Near-Misses: Beagle 2 Found And SpaceX Crash A Rocket

A  picture of the surface of Mars obtained by the Mars Reconnaissance Orbiter. The bright patch in the centre is the right shape and in the correct place to be the long-lost Beagle 2 lander. Image Credit: HiRISE/NASA/Leicester

This Friday saw news of two space related near misses- missions that came very close to success, but failed at the last moment. The first was the discovery, after eleven years searching, of the UK-led Mars Lander Beagle 2.

Carried to the red planet by the European Space Agency's Mars Express, the tiny space craft was planned to land on Christmas Day 2003. Although Beagle 2 was both small, around two meters across when fully deployed, and cheap, with a total budget in the region of £50 million, its innovative science payload would have been able to make the kind of observations that are only now being carried out by the two billion dollar Curiosity rover.

Sadly, the lander never called home. With no signal picked up on Earth, it was assumed that Beagle 2 had crashed onto the surface of Mars. Most of the blame was attributed to the complex landing system, which used a sequence of parachutes and airbags to safely lower the lander onto the surface.

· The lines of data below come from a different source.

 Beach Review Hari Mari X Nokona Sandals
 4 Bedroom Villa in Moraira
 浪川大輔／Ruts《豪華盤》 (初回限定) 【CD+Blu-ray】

But last year something was spotted in images of the landing site taken by the HiRISE camera on NASA's Mars Reconnaissance Orbiter- a bright spot, at odds with the read surface around it. Follow-up images confirmed that the object was really there, and that it probably wasn't just an unusual surface feature. With maximum resolution of around 0.3m, HiRISE was just able to pick out the shape of the bright patch- A shape which matched that of the long-lost Beagle 2.

More images showed that the structure of the bright patch was consistent with Beagle 2 having managed to unfold only two of its four solar panels. Here at last was the explanation for why the tiny spacecraft had never been heard from- the transmitter was blocked by the panels that had failed to open.

If this is Beagle 2, then it reveals that the landing system did work, and that Beagle 2 was the first European spacecraft to successfully land on Mars. Although it is probably better to know what happened, it's not really a happy ending- Beagle 2 came so close to success!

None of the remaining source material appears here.